Throughout ICD-9, the term “subluxation” is used to describe a “partial dislocation,” which is not how it is defined by many chiropractors.
Medicare defines it reasonably well on behalf of the chiropractic profession:
“A motion segment, in which alignment, movement integrity, and/or physiological function of the spine are altered although contact between joint surfaces remains intact. For the purposes of Medicare, subluxation means an incomplete dislocation, off-centering, misalignment, fixation, or abnormal spacing of the vertebra anatomically.”
Put more simply, it is a condition of minor, sometimes painful, misalignment that is treatable by manipulation. The ICD-9-CM definition is more in line with the “partial dislocation” viewpoint, which is treated by medical doctors with medication. ICD-9-CM has never provided a code that differentiates between the chiropractic subluxation and the allopathic subluxation. Chiropractors have been compelled to try to fit a square peg into a round hole for many years. At first glance, it appears that ICD-10-CM is a chiropractic coder’s dream. ICD-10-CM offers a wide range of new possibilities; however, the debate is still undecided.

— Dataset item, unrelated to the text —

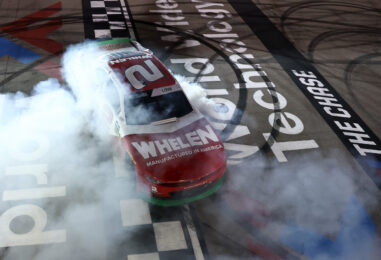 Jesse Love Scores First NASCAR O’Reilly Series Victory Of 2026 At World Wide Technology Raceway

Currently, most Medicare Administrative Contractors (MAC) require chiropractic physicians use an ICD-9-CM code from the 739 category in position 1 of box 21 on the CMS-1500 claim form. This code range is defined by ICD-9-CM as a “Nonallopathic lesion, not elsewhere classified.” This definition is a far cry from the one taught by chiropractic colleges. This description only says what it is not, rather than what it is. Fortunately the fine print that follows adds “segmental and somatic dysfunction.” This helps clarify a little, but it is safe to guess that no chiropractors were consulted when this definition was written.

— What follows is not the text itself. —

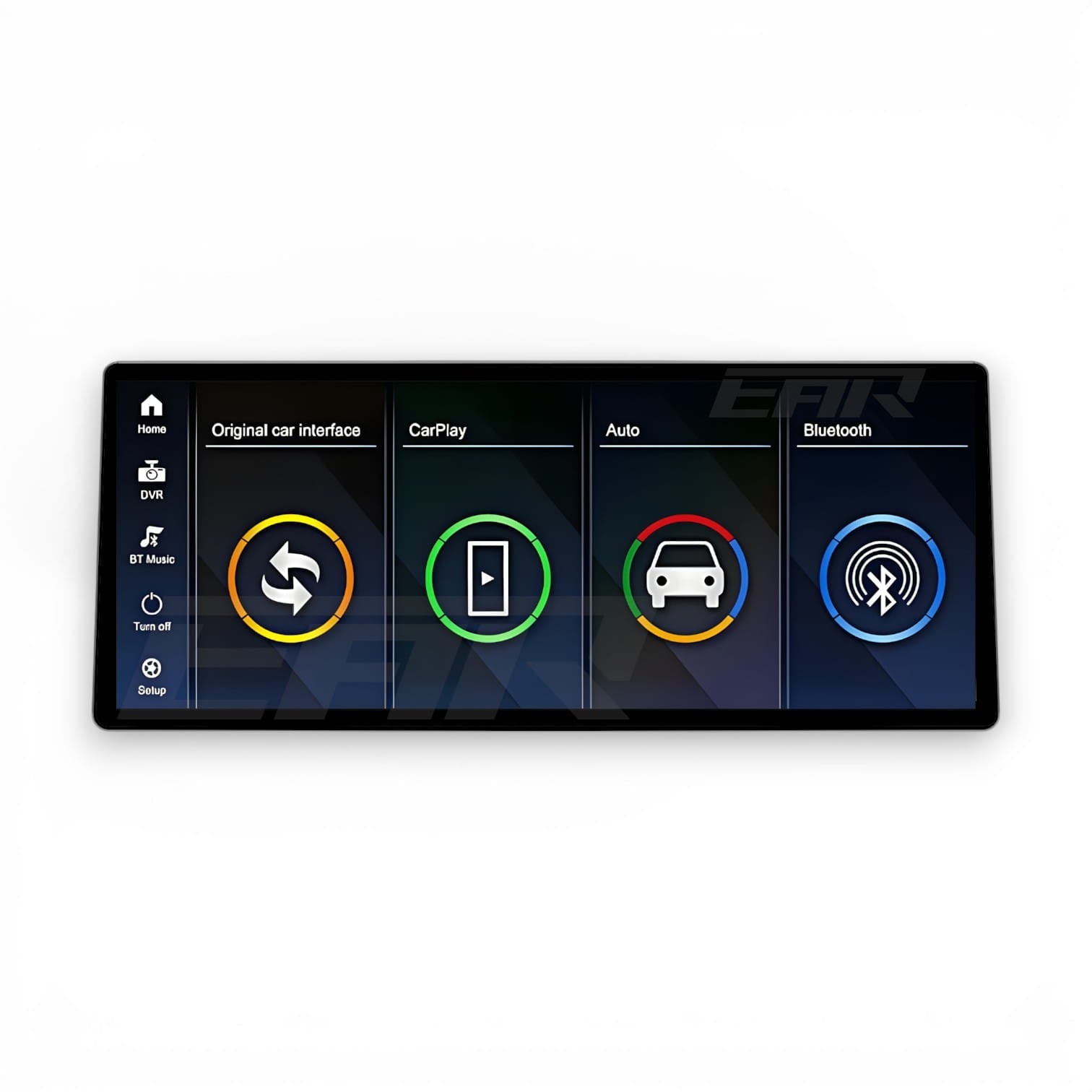 BMW 1 / 2 Series | F20/F21/F22/F23/F45 | 10.25"/12.3" Linux CarPlay/Android Touchscreen Display | 2012 - 2016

According to General Equivalency Mapping (GEMs), the commonly used ICD-9-CM code of 739.1 (Non-allopathic lesions; cervical region cervicothoracic region) may be replaced with M99.01, which is “segmental and somatic dysfunction of cervical region.” This differs little from ICD-9-CM and still does not use the word “subluxation.” However, nearby we find the code M99.11, which is defined as “subluxation complex (vertebral) of the cervical region.” This sounds just like the verbiage most chiropractors use, but GEMs points this code back to 839.00, not 739.1 in ICD-9-CM. This is the code for “closed dislocation, cervical vertebra, unspecified,” which implies that the definition is still not geared towards the chiropractic model.
In Chapter 19 of ICD-10-CM we find several appealing codes in the S13.11 category. They are defined as “subluxation of cervical vertebrae.” The new codes will provide information about the specific spinal level, whether it is a subluxation or dislocation, and whether the encounter is the initial or a follow-up visit. This is detail that chiropractic physicians have never been able to report using ICD-9-CM. Unfortunately, GEMs points these codes back to the 839 category rather than the 739 category again in ICD-9-CM. This implies that these new codes may be intended for use by allopathic physicians for dislocations, rather than the chiropractic subluxation.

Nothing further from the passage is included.